Ante tal situación, la tendencia hacia la exacerbación de la punición, el castigo lindante con la venganza ha escalado en la misma proporción. Las leyes penales a lo largo de las últimas décadas han agravado las sanciones bajo la premisa -equivocada- de que allí radica la solución a la criminalidad, dejándose en el olvido los avances criminológicos que sostienen la urgente necesidad del diseño de una verdadera política criminal que se oriente al ataque de las causas del delito y no sólo de sus consecuencias.
En el caso de los varones de 18 y más años, la situación es aún peor, como se demuestra con lo sucedido a Richard Mamani Martínez, ese joven encerrado en el penal de Morros Blancos durante 9 años por una denuncia falsa. Él fue víctima de una concepción punitivista extrema bajo otra premisa equivocada: la violencia contra las mujeres disminuirá con la aplicación de la violencia estatal contra los hombres, cancelando respecto de ellos las garantías construidas trabajosamente en el mundo libre para toda persona.
Sin presunción de inocencia como resultado de la presunción de veracidad de la denuncia femenina y con restricciones severas al ejercicio del derecho a la defensa bajo el presupuesto de impedimento de la “revictimización”, ya se configura un panorama de vulneración flagrante de los principios de igualdad jurídica y de igualdad procesal. Peor aún si los operadores del poder judicial carecen de los requisitos mínimos de idoneidad como efecto de una concepción totalitaria que hizo de ellos vulgares comisarios al servicio del régimen, como en Bolivia.

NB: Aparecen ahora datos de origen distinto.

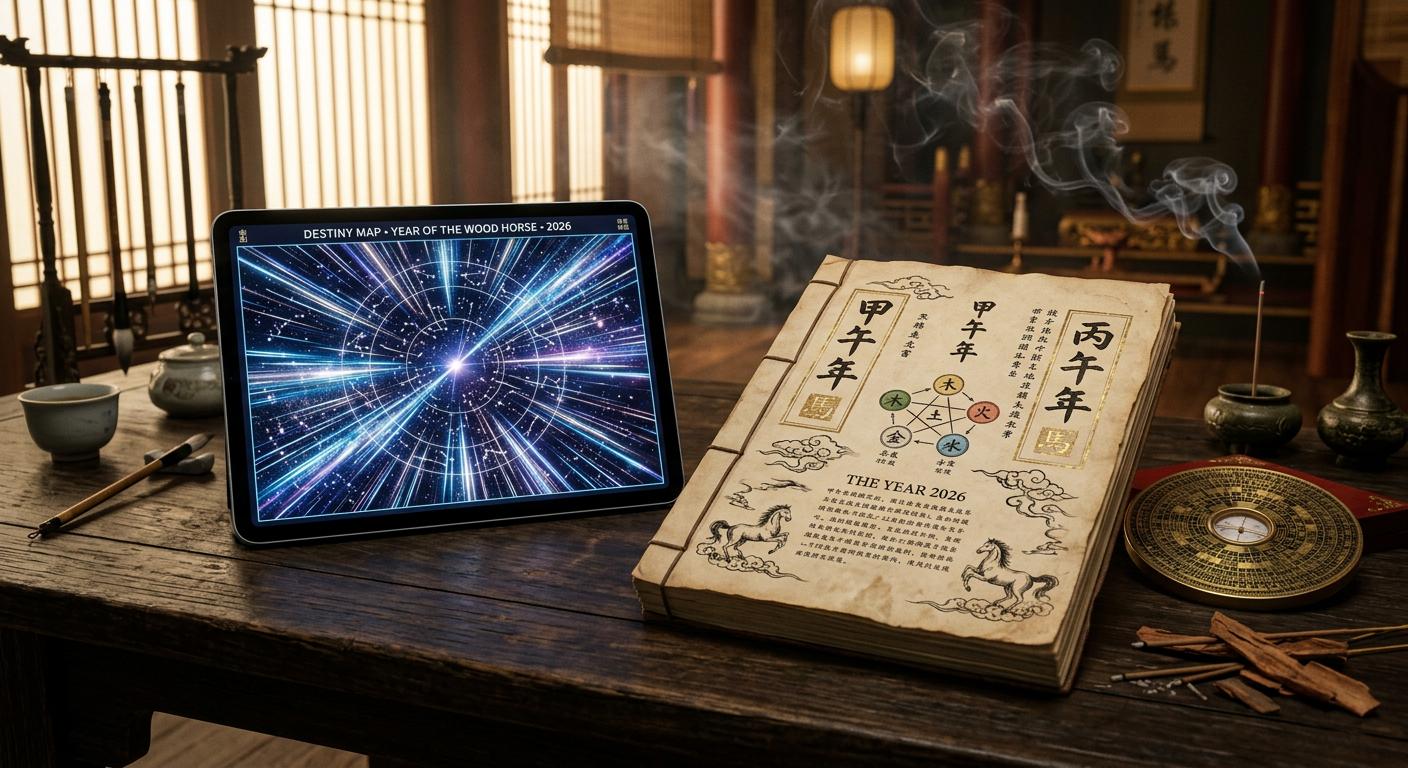 A hyper-realistic, cinematic wide shot featuring a traditional Chinese wooden desk holding two distinct physical manifests of destiny for the year 2026. On the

El 31 de octubre pasado, una publicación de “El Deber” de Santa Cruz saca del olvido a este joven en un artículo intitulado: “Nueve años de cárcel por un delito que no cometí”: la odisea de Richard Mamani y las fallas de la Justicia boliviana”. En él, Ariel Melgar Cabrera recuerda que “El 27 de julio de 2025, Richard Mamani Martínez volvió a sentir la brisa del mundo exterior tras casi una década de encierro. Con 19 años, había ingresado al penal de Morros Blancos, en Tarija, y fue condenado a 20 años por un delito que jamás cometió: violación de una menor de edad. Nueve años después, la Justicia, lentamente, admitía lo que él siempre sostuvo: era inocente”. Hace un año fue liberado, pero su sufrimiento no ha concluido según los datos que aporta Melgar. Sin trabajo, sin acompañamiento psicológico y sin indemnización, Richard no ha dejado de ser una víctima.
Que los vientos democráticos que soplan en el país lleguen a la legislación penal y al sistema judicial. Por Richard y por todas las víctimas inocentes.